> _About this task_
What you write must match, character for character, the lines from the one with "Franco Fortini Mens Devon Lace Up Sneaker - Cognac 5" down to the one with "Haosen RAFFLO 0806#" in the listing below, minus its pictures.

> _Provided data_
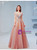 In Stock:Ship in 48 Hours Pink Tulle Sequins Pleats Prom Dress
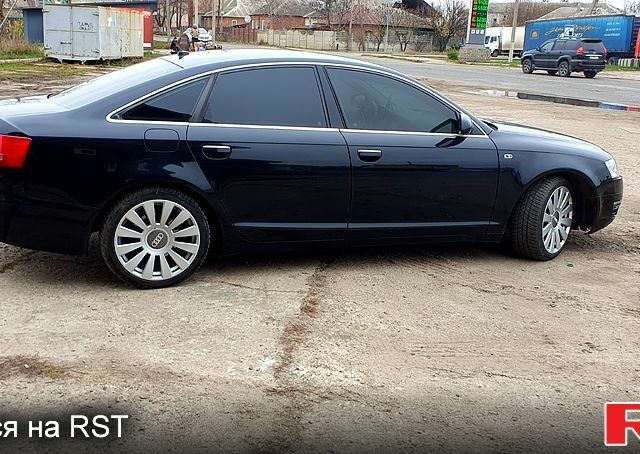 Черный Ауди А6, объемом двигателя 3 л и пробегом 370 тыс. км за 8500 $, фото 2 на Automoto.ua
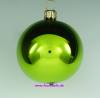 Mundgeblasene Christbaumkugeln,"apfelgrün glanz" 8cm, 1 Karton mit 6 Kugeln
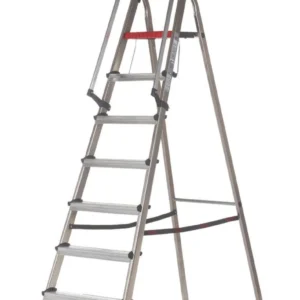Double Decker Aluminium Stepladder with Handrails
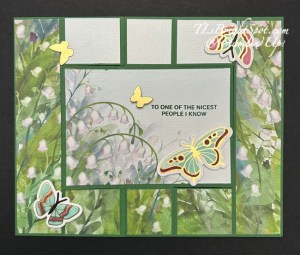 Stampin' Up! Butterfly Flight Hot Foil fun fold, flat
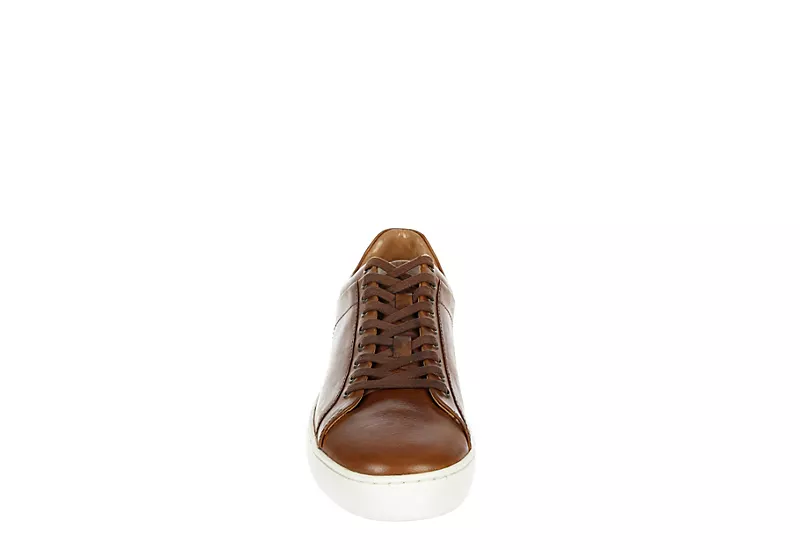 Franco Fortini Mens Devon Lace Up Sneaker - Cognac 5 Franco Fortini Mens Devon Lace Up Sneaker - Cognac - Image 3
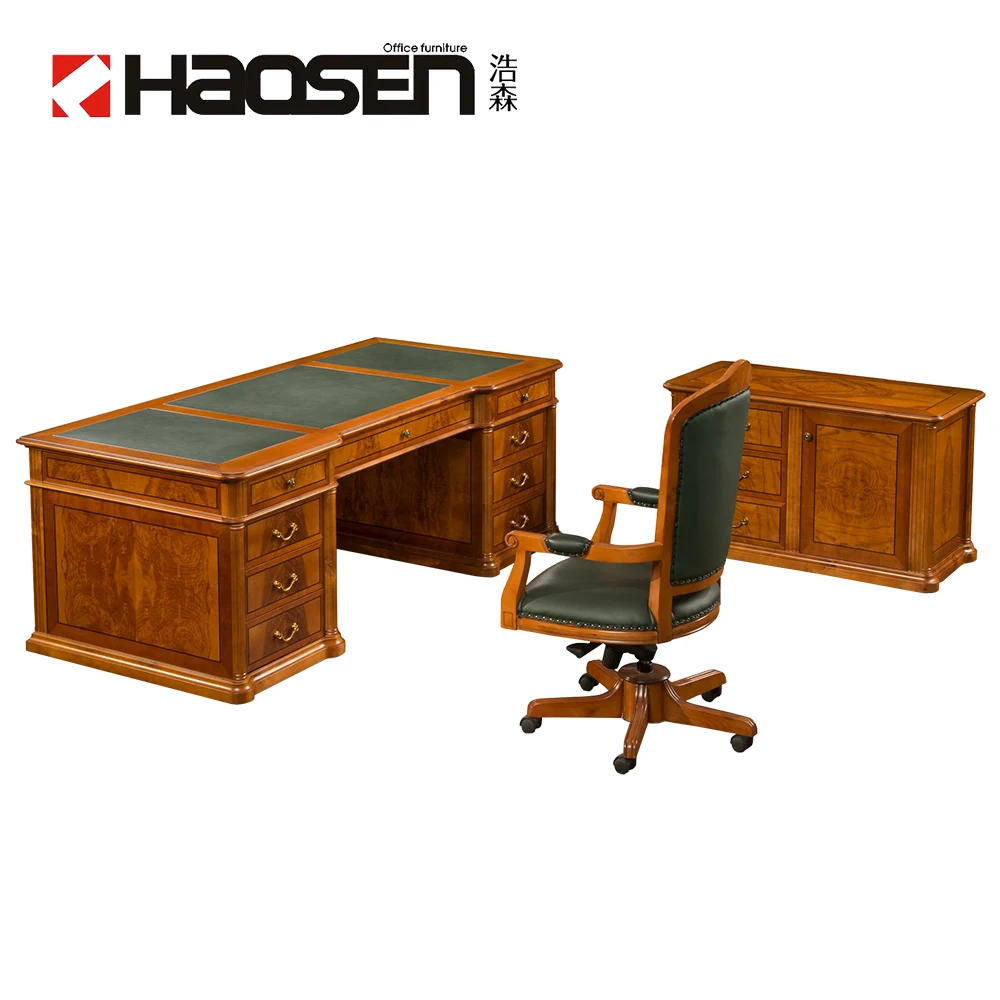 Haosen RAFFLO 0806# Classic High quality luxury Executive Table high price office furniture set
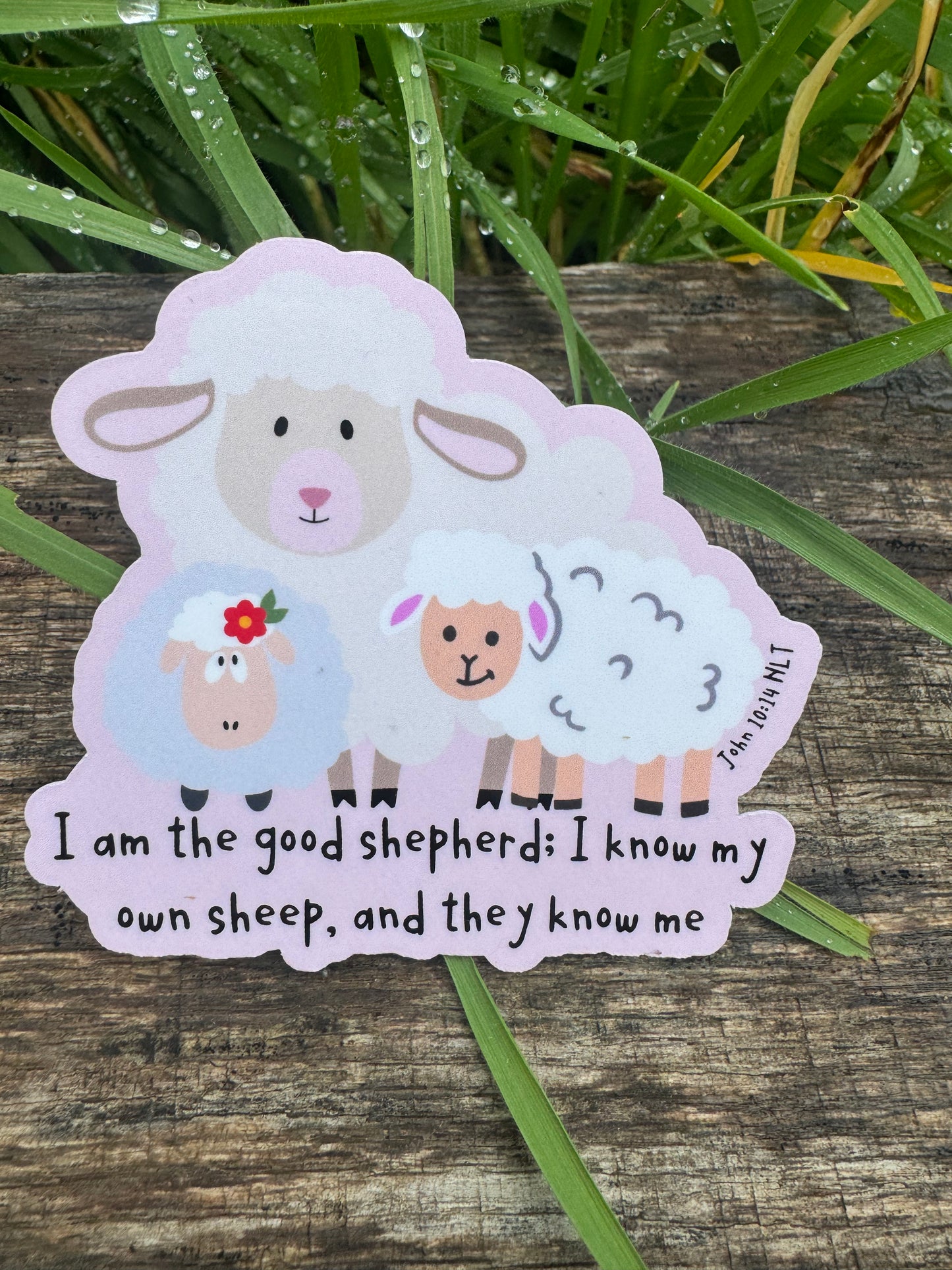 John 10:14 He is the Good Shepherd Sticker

---

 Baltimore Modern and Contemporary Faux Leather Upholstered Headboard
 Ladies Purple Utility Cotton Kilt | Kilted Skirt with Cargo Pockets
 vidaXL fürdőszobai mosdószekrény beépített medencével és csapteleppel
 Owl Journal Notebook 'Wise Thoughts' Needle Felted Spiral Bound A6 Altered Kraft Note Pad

--

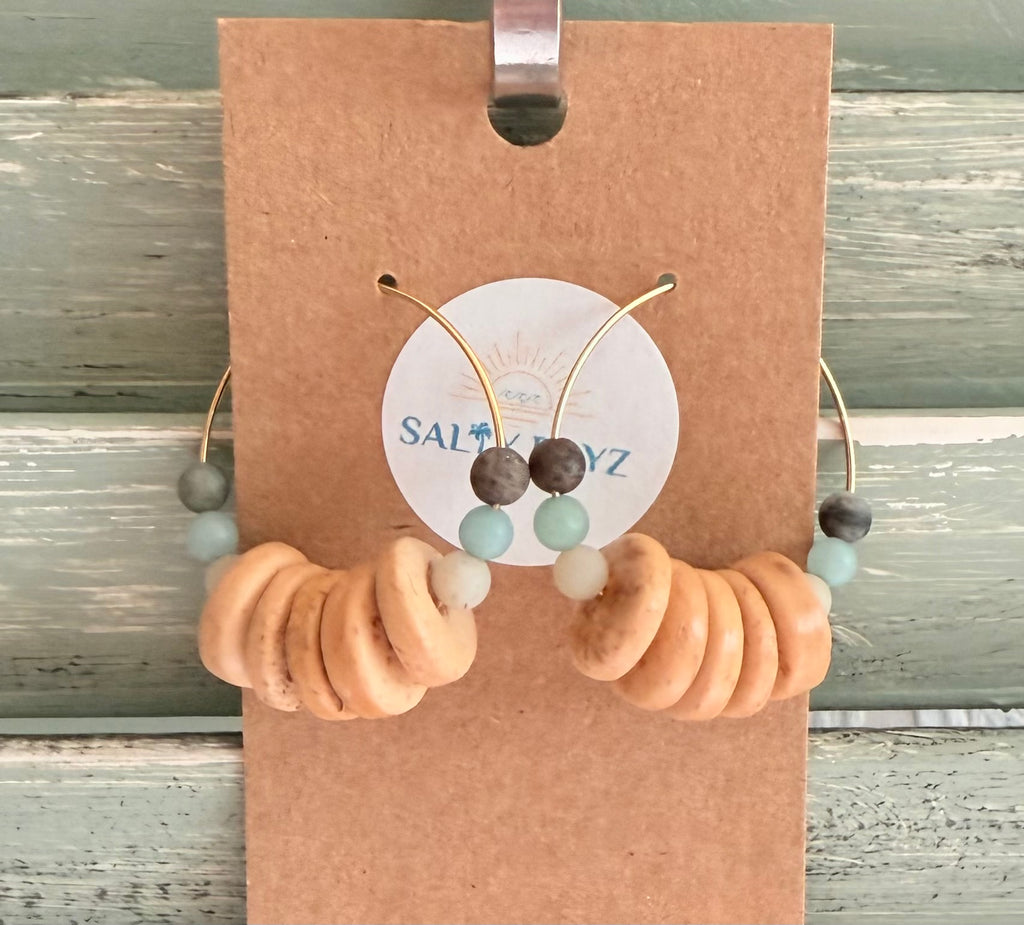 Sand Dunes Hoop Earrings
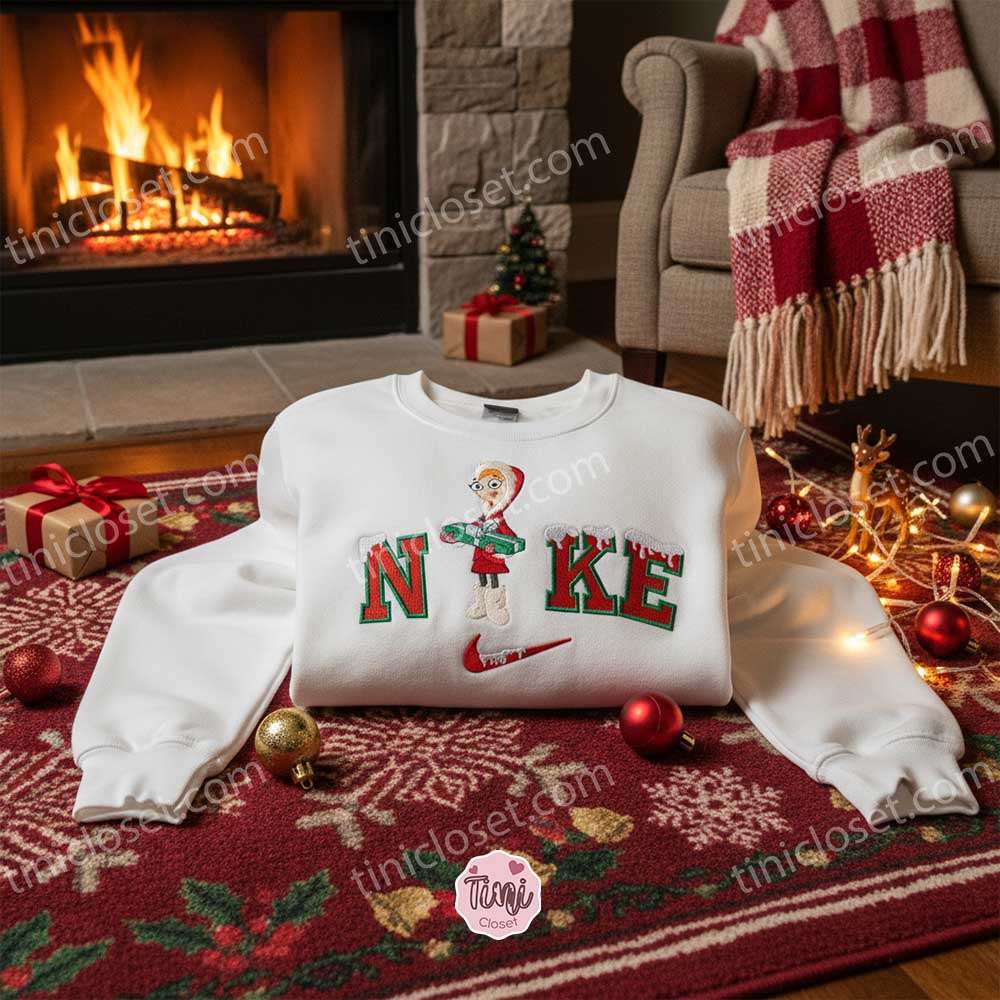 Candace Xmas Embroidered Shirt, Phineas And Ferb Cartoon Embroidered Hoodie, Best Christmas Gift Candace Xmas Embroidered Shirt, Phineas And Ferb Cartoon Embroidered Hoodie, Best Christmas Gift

> _Written answer_
 Franco Fortini Mens Devon Lace Up Sneaker - Cognac 5 Franco Fortini Mens Devon Lace Up Sneaker - Cognac - Image 3
 Haosen RAFFLO 0806# Classic High quality luxury Executive Table high price office furniture set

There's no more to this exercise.